So, in addition to so many matters of cultural and social
significance, I made sure each volume ended with poems on notable
Africans: Tai Solarin, Mabel Segun, Gabriel Okara, Chinua Achebe, Wole
Soyinka, Nelson Mandela, men and women of grace and gravitas whose lives
and ideas I consider both admirable and emulatable. When the
manuscripts were in, a member of the editorial board wondered what such
‘heavy’ names were doing in books for children. My response: my intended
readers are old enough to discern their heroes and choose their models,
and I saw no sin in creating poems which pointed them in the right
direction. Besides, no poem is innocent, not even the most naïve of
nursery rhymes. Humpty Dumpty may spring a humbug, depending on how it
is read, and by whom and to whom.
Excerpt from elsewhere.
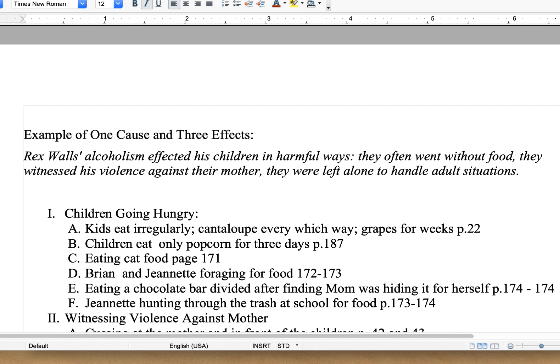Here's the thesis: Rex Wall's alcoholism affected his children in harmful ways. They often went without food. They witnessed his violence against their mother. They were left alone to handle adult situations. What I asked you to do is go back through The Glass Castle and pull out examples you can use to illustrate your point — how they went without food for the first supporting paragraph, how they saw the violence for the second, and how they handled adult situations for the third.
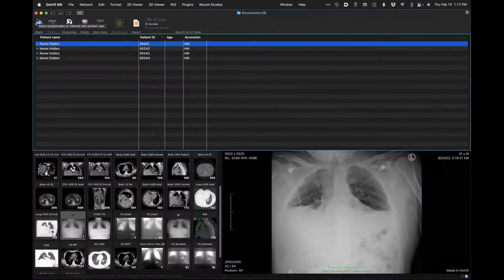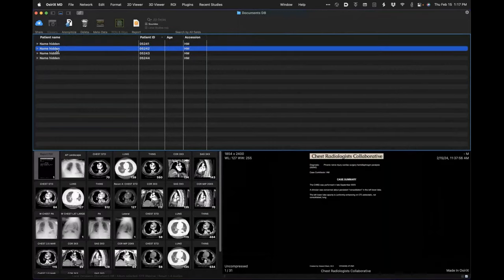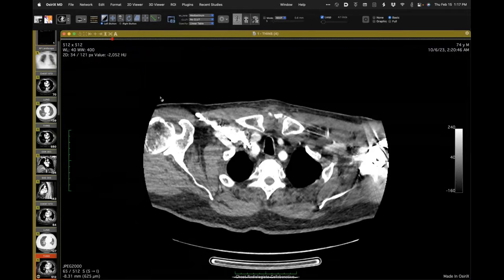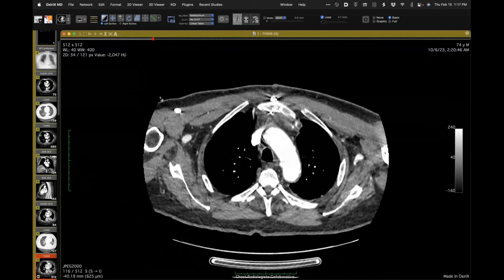Let me show you this case. A pulmonology colleague referred a patient with the question: there's opacity and consolidation in the left lower lobe that's persistent on imaging and I don't know why. Left lower lobe consolidation is ostensibly the pulmonologist's concern.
I have always believed that singing
and learning are not mutually exclusive activities in matters relating
with lyrical verse.
Nigeria’s Heroes’ square is crowded with anti-heroes, and Nigerians
need to know there are many, many positive alternatives to the crooks
and scoundrels who dominate the country’s socio-economic and political
space and poison the well of its values. Call it ‘Catching them young’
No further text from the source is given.